Summary

Надежные ДНК изоляции и высокопроизводительного секвенирования строительство библиотеки для образцов гербария

Published: March 08, 2018
doi:

Summary

Эта статья демонстрирует подробный протокол для изоляции ДНК и высокопроизводительного секвенирования библиотека строительство из материалов гербариев, включая спасение исключительно низкого качества ДНК.

Abstract

Гербариев являются незаменимым источником растительного материала, который может использоваться в различных биологических исследований. Использование образцов гербария связано с рядом проблем, включая пример сохранения качества, деградации ДНК и разрушительной выборки редких образцов. Для того, чтобы более эффективно использовать гербарий материал в большой последовательности проектов, необходим надежный и масштабируемый метод подготовки ДНК изоляции и библиотека. Этот документ демонстрирует надежный, начало в конец протокол для ДНК изоляции и высок объём библиотека строительства от образцов гербария, не требуют изменений для отдельных образцов. Этот протокол является специально для низкого качества сушеных растений материала и принимает преимущество существующих методов путем оптимизации измельчения тканей, изменения выбора размера библиотеки и представляя шаг необязательный reamplification для низкой урожайностью библиотек. Reamplification библиотек ДНК низкой урожайностью может спасти образцов, полученных от образцов незаменимым и потенциально ценный гербарий, отрицая необходимость дополнительных деструктивных выборки и без внесения заметных последовательности смещения для общего Филогенетические приложений. Протокол был протестирован на сотни видов травы, но ожидается быть адаптированы для использования в других линий завода после проверки. Этот протокол может быть ограничено путем крайне деградировавших ДНК, где фрагментов нет нужного размера в диапазоне размеров, и вторичных метаболитов в некоторых растительных материалов, которые препятствуют чистый изоляции ДНК. В целом этот протокол вводит быстрый и всеобъемлющий метод, который позволяет для изоляции ДНК и библиотека подготовка 24 проб в меньше чем 13 h, с только 8 h активного практического времени с минимальными изменениями.

Introduction

Гербарий коллекции являются потенциально ценным источником как видов, так и геномного разнообразия для исследований, включая филогенетики1,2,3, популяционной генетики4,5, сохранению Биология6, инвазивные виды биологии7и черта эволюции8. Возможность получения богатого разнообразия видов, популяций, географических точках, и моменты времени подчеркивает «сундук»9 это гербария. Исторически деградированных характер гербарий, полученных ДНК препятствовало ПЦР-проектов на базе, часто relegating исследователей с использованием только маркеры в высокой копии, например регионов геномом хлоропластов или внутренней трансляции распорку (СТС) о рибосомных РНК. Качества образцов и ДНК широко зависят методы сохранения9,10, с двуцепочечные разрывы и фрагментации от жары, используемых в процессе сушки, будучи наиболее распространенных форм ущерба, создание так называемые 90% ДНК карцер, заполнена на основе ПЦР исследования11. Помимо фрагментации второй наиболее распространенной проблемой в гербарий геномики является загрязнение, такие как, производный от эндофитные грибов13 или грибов приобрел посмертных после сбора, но до монтажа в гербарий12, хотя Эта проблема может быть выполнено bioinformatically, учитывая право грибковых базы данных (см. ниже). Третий и менее распространенные, проблема изменения последовательности через цитозина дезаминирование (C/G→T/A)14, хотя он считается низкой (~ 0.03%) в гербарий образцов11. С появлением высокопроизводительного секвенирования (HTS) вопрос о фрагментации может быть преодолена с короткой читает и последовательности глубины12,15, позволяя геномных данных приобретение от многочисленных образцов с низким качеством ДНК и иногда даже разрешительные весь геном последовательности15.

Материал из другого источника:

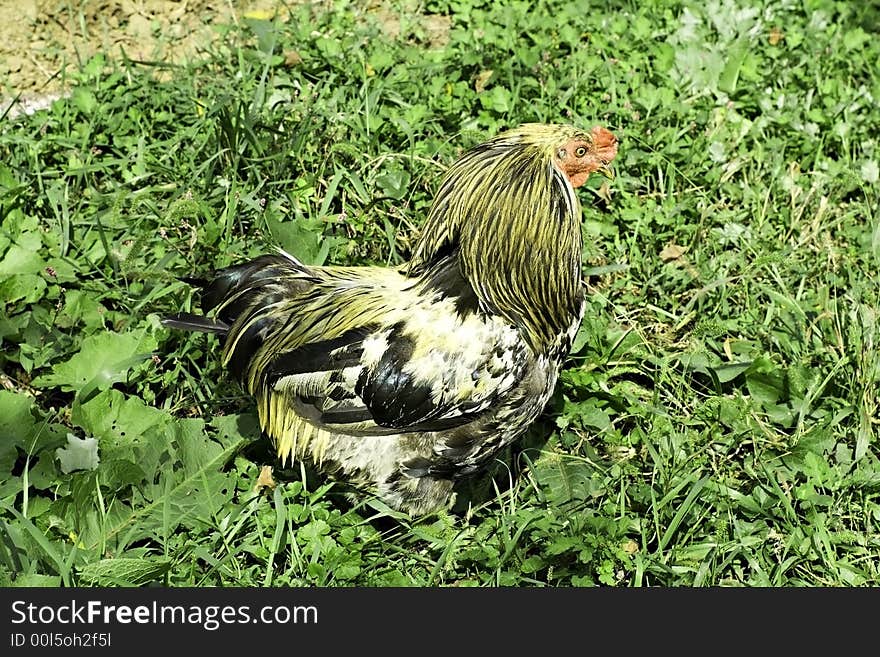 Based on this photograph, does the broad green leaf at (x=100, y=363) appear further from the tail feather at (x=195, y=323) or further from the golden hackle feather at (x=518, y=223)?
the golden hackle feather at (x=518, y=223)

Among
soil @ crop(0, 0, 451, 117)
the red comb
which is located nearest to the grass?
soil @ crop(0, 0, 451, 117)

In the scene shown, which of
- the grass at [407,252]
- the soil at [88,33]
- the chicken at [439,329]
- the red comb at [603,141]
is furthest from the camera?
the soil at [88,33]

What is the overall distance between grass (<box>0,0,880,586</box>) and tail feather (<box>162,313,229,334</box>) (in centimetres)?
43

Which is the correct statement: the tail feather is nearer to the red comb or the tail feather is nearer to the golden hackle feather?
the golden hackle feather

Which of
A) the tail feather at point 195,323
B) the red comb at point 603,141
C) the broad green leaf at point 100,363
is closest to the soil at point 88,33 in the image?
the broad green leaf at point 100,363

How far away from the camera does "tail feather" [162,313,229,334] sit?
124 inches

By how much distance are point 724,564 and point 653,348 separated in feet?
3.39

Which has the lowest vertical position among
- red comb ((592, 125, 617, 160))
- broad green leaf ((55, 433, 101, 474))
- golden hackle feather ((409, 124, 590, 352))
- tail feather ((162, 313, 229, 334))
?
broad green leaf ((55, 433, 101, 474))

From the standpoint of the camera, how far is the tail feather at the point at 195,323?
3.14 metres

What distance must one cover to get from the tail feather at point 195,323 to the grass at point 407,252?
0.43 metres

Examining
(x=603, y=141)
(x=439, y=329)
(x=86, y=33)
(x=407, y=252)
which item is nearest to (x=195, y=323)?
(x=439, y=329)

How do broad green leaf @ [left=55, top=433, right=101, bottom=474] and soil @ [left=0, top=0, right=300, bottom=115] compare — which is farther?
soil @ [left=0, top=0, right=300, bottom=115]

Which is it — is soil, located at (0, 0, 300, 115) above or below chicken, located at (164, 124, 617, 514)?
above

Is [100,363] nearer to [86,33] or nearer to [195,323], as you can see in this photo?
[195,323] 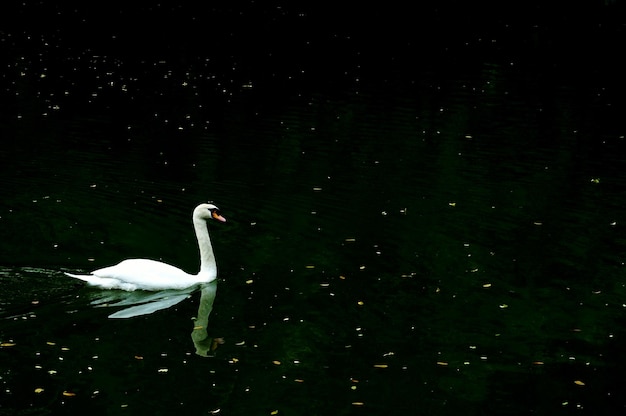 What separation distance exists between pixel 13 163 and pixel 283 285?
8015 mm

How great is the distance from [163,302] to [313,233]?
157 inches

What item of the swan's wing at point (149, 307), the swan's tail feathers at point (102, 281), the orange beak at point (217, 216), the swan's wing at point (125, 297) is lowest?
the swan's wing at point (149, 307)

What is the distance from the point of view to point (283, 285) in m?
15.4

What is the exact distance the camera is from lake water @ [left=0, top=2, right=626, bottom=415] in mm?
12281

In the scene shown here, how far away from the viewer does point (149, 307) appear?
14.3m

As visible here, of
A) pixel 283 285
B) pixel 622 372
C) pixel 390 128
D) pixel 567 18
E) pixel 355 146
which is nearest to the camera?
pixel 622 372

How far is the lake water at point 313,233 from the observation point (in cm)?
1228

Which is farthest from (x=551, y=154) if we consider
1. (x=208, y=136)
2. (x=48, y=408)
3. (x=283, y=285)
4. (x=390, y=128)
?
(x=48, y=408)

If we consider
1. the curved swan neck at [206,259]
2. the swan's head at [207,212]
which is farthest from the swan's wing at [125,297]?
the swan's head at [207,212]

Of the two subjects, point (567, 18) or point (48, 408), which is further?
point (567, 18)

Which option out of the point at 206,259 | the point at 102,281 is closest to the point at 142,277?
the point at 102,281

Гербарий образцы становится все более часто используются и более крупный компонент филогенетических проектов16. Текущий вызов с использованием образцов гербария для HTS неизменно является получение достаточных двойной мель ДНК, является необходимым условием для последовательность протоколов, от многочисленных видов своевременно, без необходимости оптимизации методов для отдельных образцы. В этом документе протокол для экстракции ДНК и библиотека подготовки образцов гербария показано что использует преимущества существующих методов и изменяет их для быстрого и воспроизводимые результаты. Этот метод позволяет для полной обработки от образца к библиотеке 24 пробы в 13 h, с 8 h практическое время, или 16 h, с 9 ч практический время, когда требуется дополнительный reamplification шаг. Одновременная обработка более образцов является достижимым, хотя ограничивающим фактором является мощности центрифуг и технических навыков. Протокол призван требовать только в типичных лабораторное оборудование (Термоциклер, центрифуги и магнитные стенды) вместо специализированного оборудования, такие как распылитель или sonicator, для сдвига ДНК.

Размер фрагментов ДНК качество и количество сдерживающими факторами для использования образцов гербария в высокопроизводительного секвенирования экспериментов. Другие методы для изоляции гербарий ДНК и создания высокопроизводительного секвенирования библиотек продемонстрировали полезность использования как мало, как 10 нг16ДНК; Однако они требуют экспериментально определить оптимальное количество PCR циклов, необходимых для подготовки библиотеки. Это становится нецелесообразным, когда решения с весьма небольшим количеством жизнеспособных двойной мель ДНК (dsDNA), как некоторые образцы гербарий производят только достаточное количество ДНК для приготовления одной библиотеки. Метод, представленные здесь использует единый количество циклов независимо от качества образцов, поэтому не ДНК теряется в шагов оптимизации библиотеки. Вместо этого шаг reamplification вызывается, когда библиотеки не соответствуют минимальной суммы, необходимой для виртуализации. Многие образцы гербарий редки и имеют мало материала, что делает его трудно оправдать разрушительной выборки во многих случаях. Чтобы противостоять этому, представленный протокол позволяет dsDNA ввода размеров менее 1,25 нг в процесс подготовки Библиотека, расширение сферы применения жизнеспособных образцов для высокопроизводительного секвенирования и свести к минимуму потребность в разрушительной выборки образцов.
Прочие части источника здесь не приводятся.